Hand-assisted laparoscopy performed with the aid of a Hand Port inserted in a hypogastric Pfannestiel laparotomy incision measuring 7 cm (a). The Hand Port is also used for video-assisted isolation of the stricture and the enterocolic fistula (b)

In all of the case series analyzed thus far (most of which come from surgical referral centers for chronic IBD), the results obtained with laparoscopy are reportedly better. It is important to recall, however, that the meta-analysis conducted by Van Loo found that use of laparoscopy had no impact on the incidence of recurrence. On the other hand, laparo-assisted approaches may reduce the risk of postoperative adhesions, thereby simplifying any subsequent surgical procedures, and importance of this advantage should not be underrated [98, 119].

Moreover, there do not appear to be any contraindications to an early discharge for patients who undergo minimally invasive (even laparo-assisted) procedures for short-segment involvement, but this does not apply to single-incision laparoscopic surgery (SILS), given the relatively low number of cases that have been analyzed thus far.

Conclusions

Surgery continues to play fundamental roles in the treatment of Crohn’s disease, considering the high percentage of patients who undergo surgery. Surgical interventions should be regarded not as adverse events caused by unsuccessful medical therapy, but as therapeutic tools whose use should be timed to ensure the lowest risk possible to the patient, as one of the many weapons available to the multidisciplinary team whose treatment strategies are based on an integrated assessment of the patient. Experiences with the management of perianal Crohn’s disease have shown that that medical therapy often produces the best results after surgical intervention, and the same might ultimately prove to be true for other areas of involvement. Prompt surgical intervention for fibrotic stricturing disease, as soon as it becomes clear that it is not responding to medical therapy, means that medical therapies can still be used for early-stage treatment or even prevention of recurrences.

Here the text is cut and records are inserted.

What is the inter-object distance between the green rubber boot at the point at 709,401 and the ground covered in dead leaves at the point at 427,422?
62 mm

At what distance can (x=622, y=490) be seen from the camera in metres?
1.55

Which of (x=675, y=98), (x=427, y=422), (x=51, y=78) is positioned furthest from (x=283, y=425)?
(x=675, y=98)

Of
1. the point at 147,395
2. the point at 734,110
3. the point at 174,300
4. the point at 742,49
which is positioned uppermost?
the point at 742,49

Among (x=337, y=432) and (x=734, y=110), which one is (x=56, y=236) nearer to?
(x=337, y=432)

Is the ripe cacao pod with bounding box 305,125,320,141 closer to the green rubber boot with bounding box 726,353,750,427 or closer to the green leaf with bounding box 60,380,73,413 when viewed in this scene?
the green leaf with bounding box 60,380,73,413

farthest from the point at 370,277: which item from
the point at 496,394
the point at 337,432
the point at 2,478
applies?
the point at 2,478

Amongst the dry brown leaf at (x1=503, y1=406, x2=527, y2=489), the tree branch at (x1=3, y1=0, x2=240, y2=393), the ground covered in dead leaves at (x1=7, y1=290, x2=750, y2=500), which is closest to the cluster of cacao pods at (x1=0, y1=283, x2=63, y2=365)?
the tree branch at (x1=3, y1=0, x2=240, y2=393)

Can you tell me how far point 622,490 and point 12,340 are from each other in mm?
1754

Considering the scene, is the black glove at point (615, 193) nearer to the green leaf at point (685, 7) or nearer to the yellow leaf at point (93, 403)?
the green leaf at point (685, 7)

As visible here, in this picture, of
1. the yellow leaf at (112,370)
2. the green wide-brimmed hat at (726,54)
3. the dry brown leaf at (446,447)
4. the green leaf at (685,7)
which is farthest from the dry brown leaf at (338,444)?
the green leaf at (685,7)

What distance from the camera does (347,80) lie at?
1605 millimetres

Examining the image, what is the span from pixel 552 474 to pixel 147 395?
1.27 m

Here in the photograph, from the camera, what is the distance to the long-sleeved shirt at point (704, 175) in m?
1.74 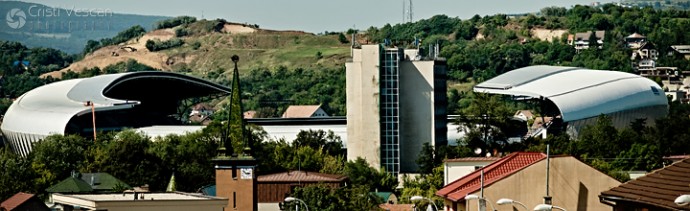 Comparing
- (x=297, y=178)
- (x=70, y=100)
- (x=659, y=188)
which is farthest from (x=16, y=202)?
(x=70, y=100)

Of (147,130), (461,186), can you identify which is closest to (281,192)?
(461,186)

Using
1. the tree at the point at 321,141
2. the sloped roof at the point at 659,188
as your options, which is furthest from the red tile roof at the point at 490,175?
the tree at the point at 321,141

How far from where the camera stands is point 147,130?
168875 millimetres

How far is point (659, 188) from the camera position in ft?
111

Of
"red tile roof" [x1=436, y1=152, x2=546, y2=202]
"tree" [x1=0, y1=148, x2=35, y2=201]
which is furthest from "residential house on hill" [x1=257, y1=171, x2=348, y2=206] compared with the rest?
"red tile roof" [x1=436, y1=152, x2=546, y2=202]

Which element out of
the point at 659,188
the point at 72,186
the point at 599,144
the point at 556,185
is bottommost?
the point at 599,144

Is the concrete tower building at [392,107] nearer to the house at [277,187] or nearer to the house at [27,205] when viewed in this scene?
the house at [277,187]

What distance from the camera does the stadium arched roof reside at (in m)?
175

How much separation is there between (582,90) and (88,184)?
307 feet

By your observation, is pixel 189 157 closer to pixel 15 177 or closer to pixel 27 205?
pixel 15 177

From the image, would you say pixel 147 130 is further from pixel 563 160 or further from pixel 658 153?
pixel 563 160

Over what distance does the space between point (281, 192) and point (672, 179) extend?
185 ft

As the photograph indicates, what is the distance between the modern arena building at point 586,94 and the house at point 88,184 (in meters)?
77.2

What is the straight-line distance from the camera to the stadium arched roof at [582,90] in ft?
575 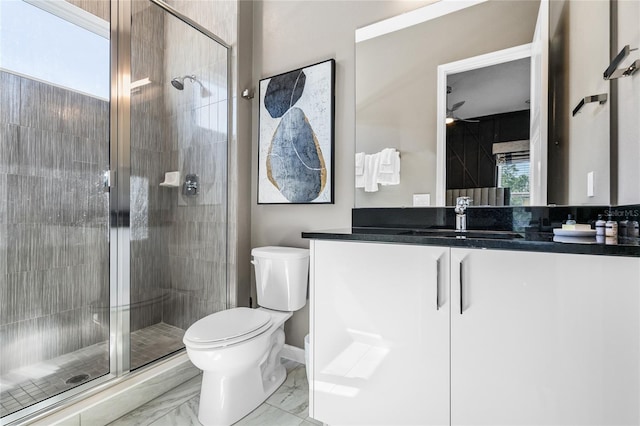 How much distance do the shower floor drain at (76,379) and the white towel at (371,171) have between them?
188 cm

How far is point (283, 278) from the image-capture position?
1.94 m

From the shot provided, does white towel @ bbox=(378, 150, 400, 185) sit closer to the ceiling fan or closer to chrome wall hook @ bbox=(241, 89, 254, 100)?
the ceiling fan

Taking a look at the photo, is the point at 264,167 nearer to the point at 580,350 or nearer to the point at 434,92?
the point at 434,92

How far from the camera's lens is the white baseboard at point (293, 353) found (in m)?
2.16

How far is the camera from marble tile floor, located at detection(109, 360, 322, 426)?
154cm

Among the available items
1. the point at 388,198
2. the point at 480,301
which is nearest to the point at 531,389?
the point at 480,301

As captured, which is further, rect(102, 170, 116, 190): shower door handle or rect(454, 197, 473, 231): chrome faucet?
rect(102, 170, 116, 190): shower door handle

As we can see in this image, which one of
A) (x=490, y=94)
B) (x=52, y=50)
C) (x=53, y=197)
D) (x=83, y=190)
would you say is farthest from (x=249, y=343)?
(x=52, y=50)

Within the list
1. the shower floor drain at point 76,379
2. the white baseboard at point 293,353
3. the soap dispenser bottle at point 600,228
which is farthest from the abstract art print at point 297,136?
the shower floor drain at point 76,379

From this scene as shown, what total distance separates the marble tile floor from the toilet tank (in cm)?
46

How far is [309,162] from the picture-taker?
209cm

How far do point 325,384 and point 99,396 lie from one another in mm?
1110

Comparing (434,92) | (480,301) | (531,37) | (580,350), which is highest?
(531,37)

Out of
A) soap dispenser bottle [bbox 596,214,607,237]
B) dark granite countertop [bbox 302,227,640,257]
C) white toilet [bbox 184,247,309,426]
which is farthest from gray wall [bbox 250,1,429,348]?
soap dispenser bottle [bbox 596,214,607,237] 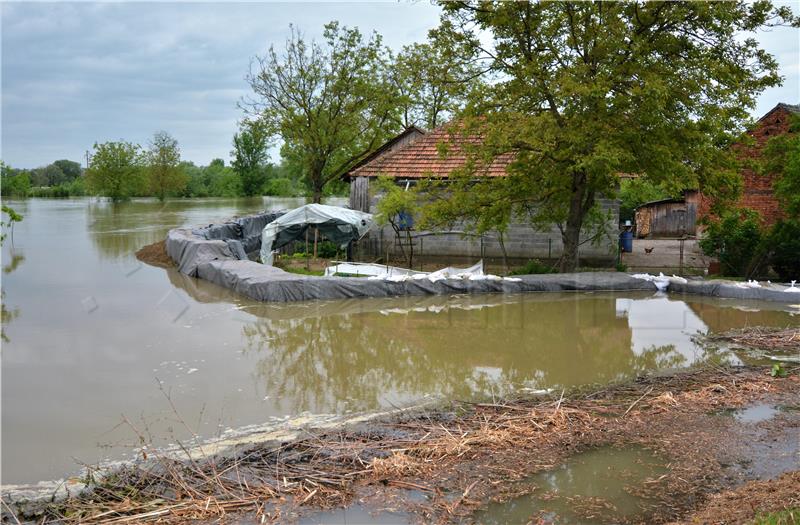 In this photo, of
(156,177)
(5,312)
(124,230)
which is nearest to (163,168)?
(156,177)

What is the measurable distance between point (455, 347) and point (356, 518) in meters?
6.15

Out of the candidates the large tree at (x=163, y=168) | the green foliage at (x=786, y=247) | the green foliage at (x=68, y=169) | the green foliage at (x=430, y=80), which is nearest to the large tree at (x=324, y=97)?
the green foliage at (x=430, y=80)

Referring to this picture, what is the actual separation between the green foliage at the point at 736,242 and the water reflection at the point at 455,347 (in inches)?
164

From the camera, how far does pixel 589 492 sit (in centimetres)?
538

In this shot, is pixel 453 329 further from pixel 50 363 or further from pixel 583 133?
pixel 50 363

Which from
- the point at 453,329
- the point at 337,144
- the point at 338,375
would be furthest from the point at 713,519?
the point at 337,144

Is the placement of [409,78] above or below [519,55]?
above

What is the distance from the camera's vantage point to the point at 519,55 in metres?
15.4

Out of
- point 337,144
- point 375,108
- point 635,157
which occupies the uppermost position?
point 375,108

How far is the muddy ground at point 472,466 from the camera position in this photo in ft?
16.4

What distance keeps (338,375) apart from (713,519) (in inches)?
221

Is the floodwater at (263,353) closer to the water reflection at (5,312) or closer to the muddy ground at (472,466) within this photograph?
the water reflection at (5,312)

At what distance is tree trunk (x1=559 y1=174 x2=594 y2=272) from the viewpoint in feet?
53.8

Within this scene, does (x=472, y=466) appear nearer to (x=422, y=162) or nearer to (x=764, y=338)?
(x=764, y=338) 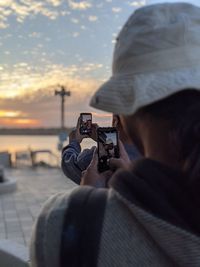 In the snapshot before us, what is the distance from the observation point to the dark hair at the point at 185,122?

Accurate imaging (endoscopic and above all radiological) is an essential component of multidiscliplinary management of Crohn’s disease. Today’s radiologists are accustomed to working with gastroenterologists in the diagnosis and follow-up phases and with surgeons in the preoperative evaluation (for urgent and elective surgery), but as the ability of diagnostic imaging modalities to characterize Crohn’s disease continues to improve, radiologists’ collaboration with gastroenterologists and surgeons will be a fundamental part of decisions regarding the timing of surgical intervention.

Conflict of interest

Fiorenzo Botti, Flavio Caprioli, Diego Pettinari, Alberto Carrara, Andrea Magarotto, Ettore Contessini Avesani declare that they have no conflict of interest.

Human and animal studies

This article does not contain any studies with human or animal subjects performed by any of the authors.